Setting Up a Business in the Czech Republic

Steps for setting up for business in the Czech Republic.

Opening for business consists of two stages:

- Setting up a trading partnership (contract between partners)

- Incorporation of a trading partnership (incorporation into Register)

Setting up a company

1. by a partnership contract signed by all the partners and authenticated by a notary public;
2. by a deed of foundation authenticated by the notary public (if permitted by the law that the company may be founded by a sole founder).

In case of a limited liability company the Commercial Code enables, and in the case of a joint-stock company it orders, the issue of the articles of association of the company, specifying in detail the relations among partners, namely their share in profit and compensation for the possible loss of the company.

A set-up trading partnership is not entitled to enter legal relations because, from the legal point of view, its existence starts only after its incorporation into the Companies Register. Any legal acts made by individual partners within the period from setting up till the incorporation of the legal entity are made only by physical entities with unlimited liability. Within this period the company also has to obtain any necessary trade licences in accordance with the Small Business Act and enclose them to the application for the incorporation into the Companies Register.

Incorporation of a company
- since the date of incorporation into the Companies Register,
- a proposal for incorporation into the Companies Register should be presented within 90 days after setting up the company.

Important terms connected with setting up a trading partnership:

Registered capital - financial expression of a sum of both monetary and non-monetary investments of individual partners.

Anything that may be expressed in money and used for the given sphere of business may be used as an investment into the company.
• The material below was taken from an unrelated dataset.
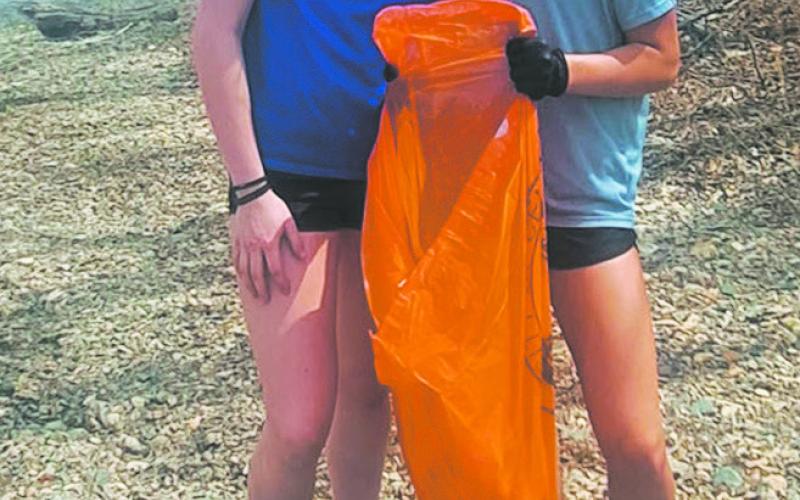 Students pick up trash along the boat launch on the Red River. Photo by Christine Jensen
Buildings, machinery, securities, know-how, inventions, copyrights or even claims (somebody owes you money). In the case that a partner deposits a claim into the registered capital, he/she shall be responsible for its recovery (he/she answers for the fact that the debtor will really pay the money to the firm) up to the amount of valuation of the claim. If you deposit anything else than money to the firm, you have to have a written expert valuation elaborated, in some cases even by two independent experts.

Its formation is compulsory in limited partnerships, s. r. o. (limited liability company) and a. s. (joint-stock company).
Registered capital is a part of equity capital of the firm (you will use the information in bookkeeping).
Its amount is registered in the Companies Register (so it is publicly known);

Share of a partner - the share represents the participation of a partner in the company and his/her rights and obligations resulting from this fact. For the purposes of this act a share is valuated as the extent of participation of the partner in net assets of the company (after obligations are settled).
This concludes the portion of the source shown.